If the rookie out of Duke wants to play, he’ll have to keep playing defense

NBA: Utah Jazz at Phoenix Suns Mark J. Rebilas-USA TODAY Sports

Grayson Allen heeded the call Wednesday with the Utah Jazz missing half of its rotation and a matchup with the Phoenix Suns on the itinerary. Allen pulled through by posting new career-highs in both points (14) and rebounds (3) in Utah’s 118-97 win. He also arguably had his best shooting night of the year when considering the volume of shots he took (6 of 9 — Allen has three games with a 100 percent shooting mark but in none of those did he take more than three FGA).

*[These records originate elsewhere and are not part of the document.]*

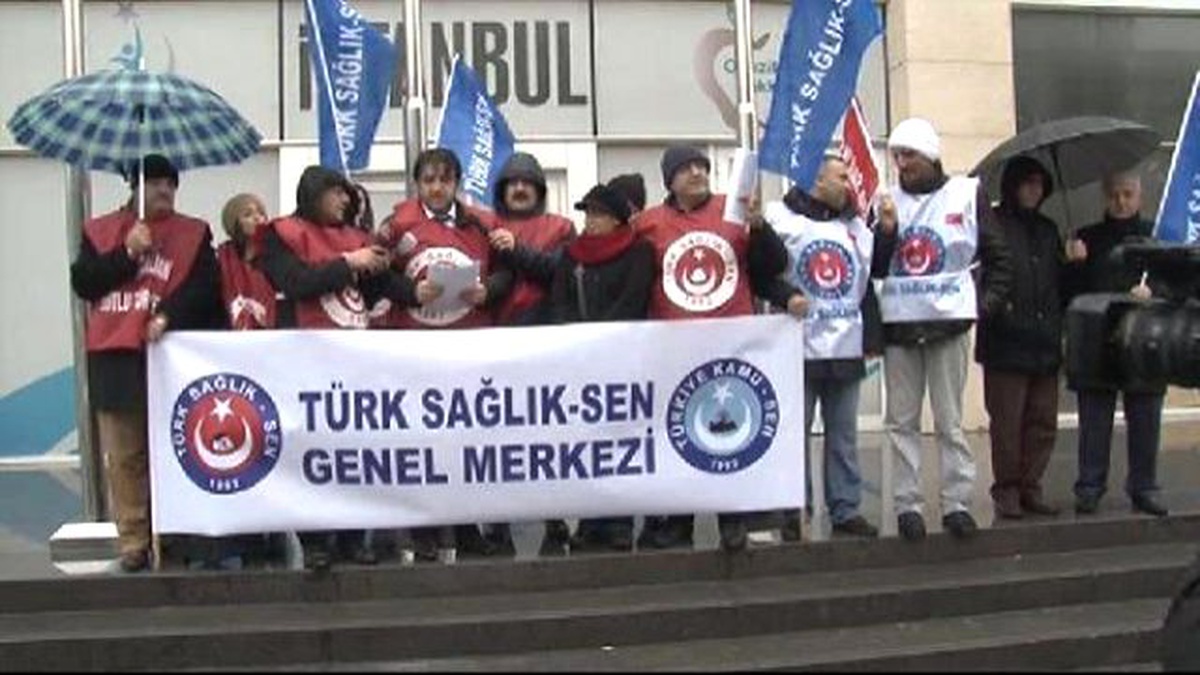 Aile Hekimlerinden "Cumartesi Nöbeti" Protestosu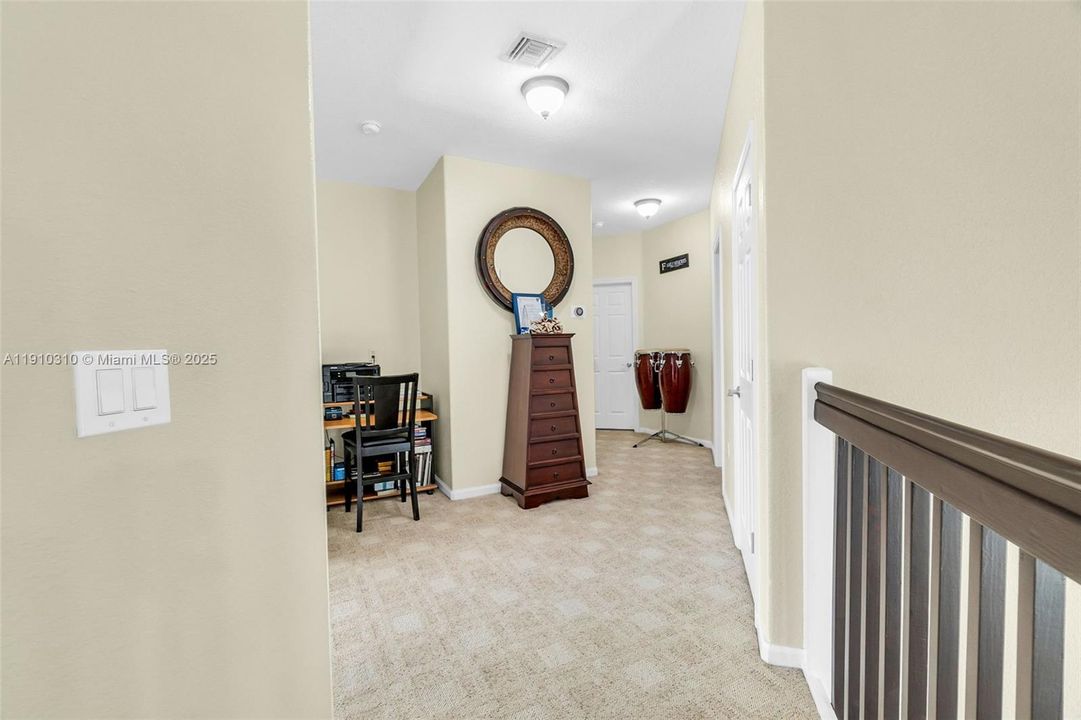 For Sale: $1,299,000 (5 beds, 5 baths, 3461 Square Feet)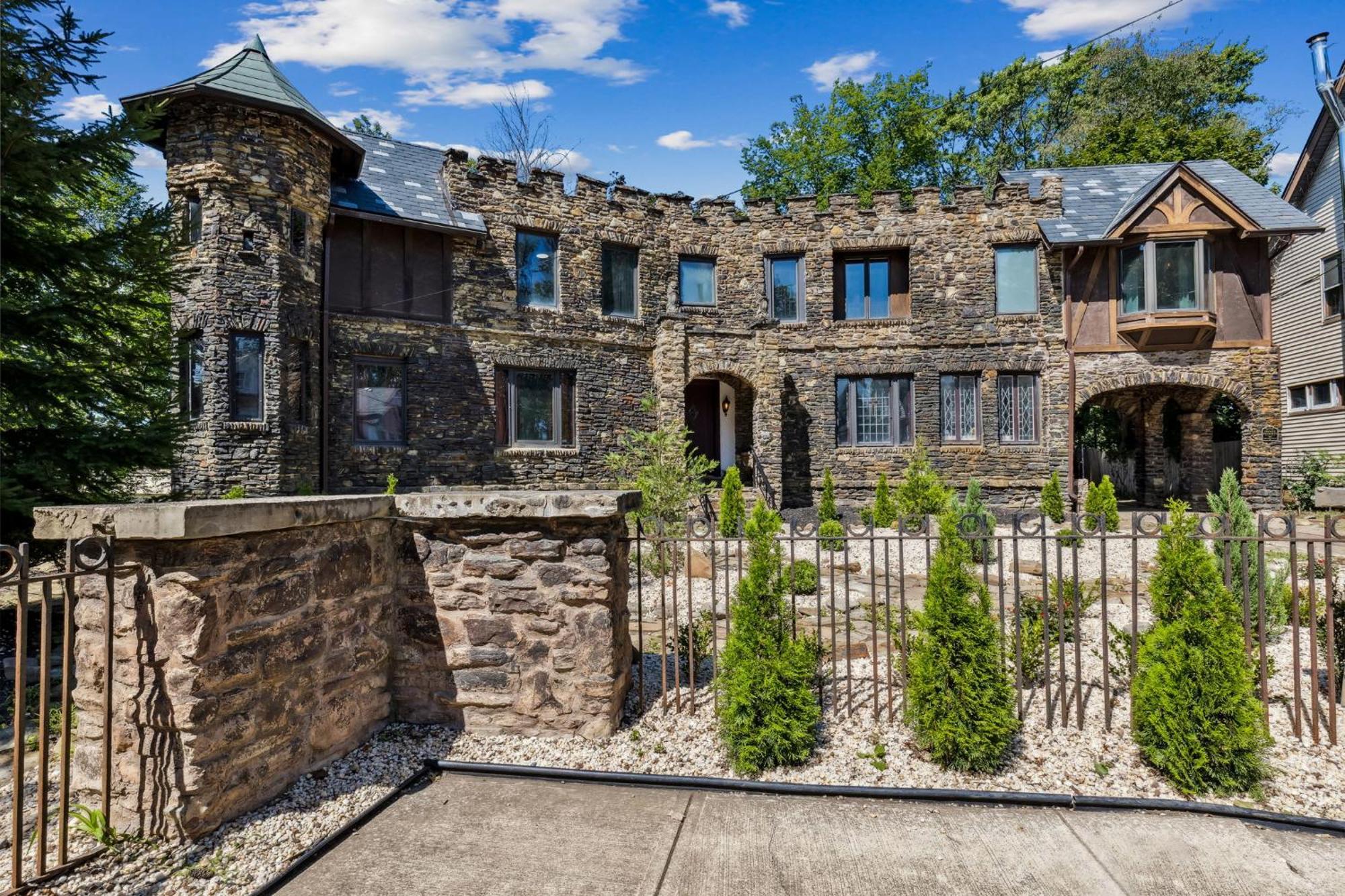 Enchanted Castle - Your Royal Getaway Awaits Cleveland Exterior photo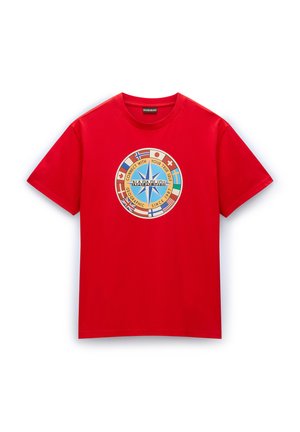 Rød bomulds T-shirt med et centralt rundt grafisk design med en blå stjerne, tekst og forskellige nationale flag. Korte ærmer og design med rund hals.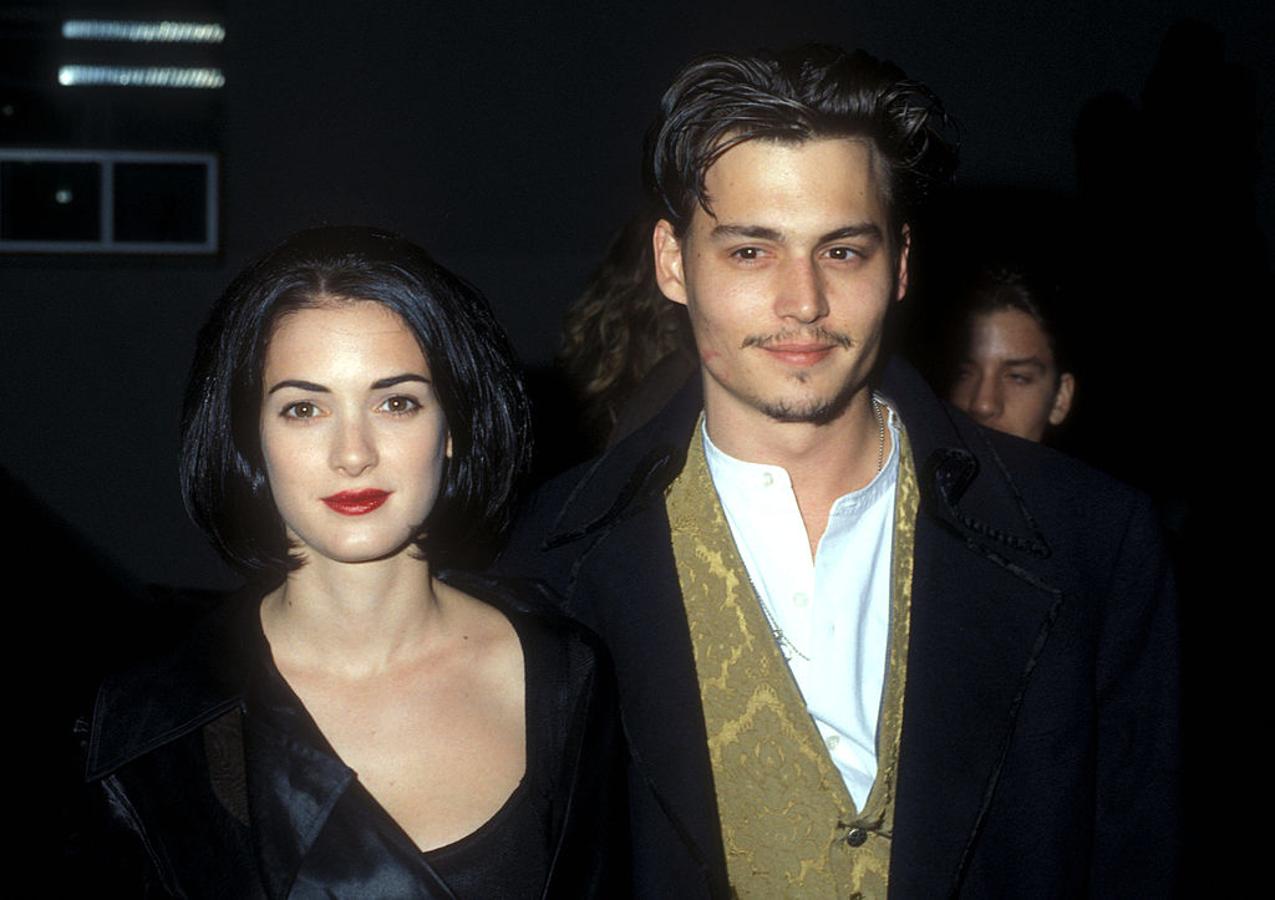 Tan enamorados estaban, que Jonny Depp se tatuó Winona Forever. Pero tras la ruptura, corrigió el tatuaje por Wino Forever (borracho siempre). Ahora ese tatuaje es uno más de los 26 que decoran su cuerpo.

So it turned out to be no wonder that in postgame interviews, head coach Quin Snyder and several of Allen’s teammates were asked about the performance of the rookie. Instead of praising the Duke product’s career night on the offensive end of the floor, the leaders of the Jazz both on and off the court lauded Allen’s defensive performance.

Rudy Gobert

“I think it was his best defensive game. He was chasing down the shooters and was able to recover and had the big block and after the block he got a contest on the three. That’s the kind of thing that I think are going to allow him to stay on the floor.”

Donovan Mitchell

“The best thing about (Allen’s performance) wasn’t even the offensive end it was the defense end. He shot efficient and had 14 points but he was chasing screens, contesting, had the block.”

Quin Snyder

“I thought he did a great job on the defensive end. He really threw himself into it, competed.”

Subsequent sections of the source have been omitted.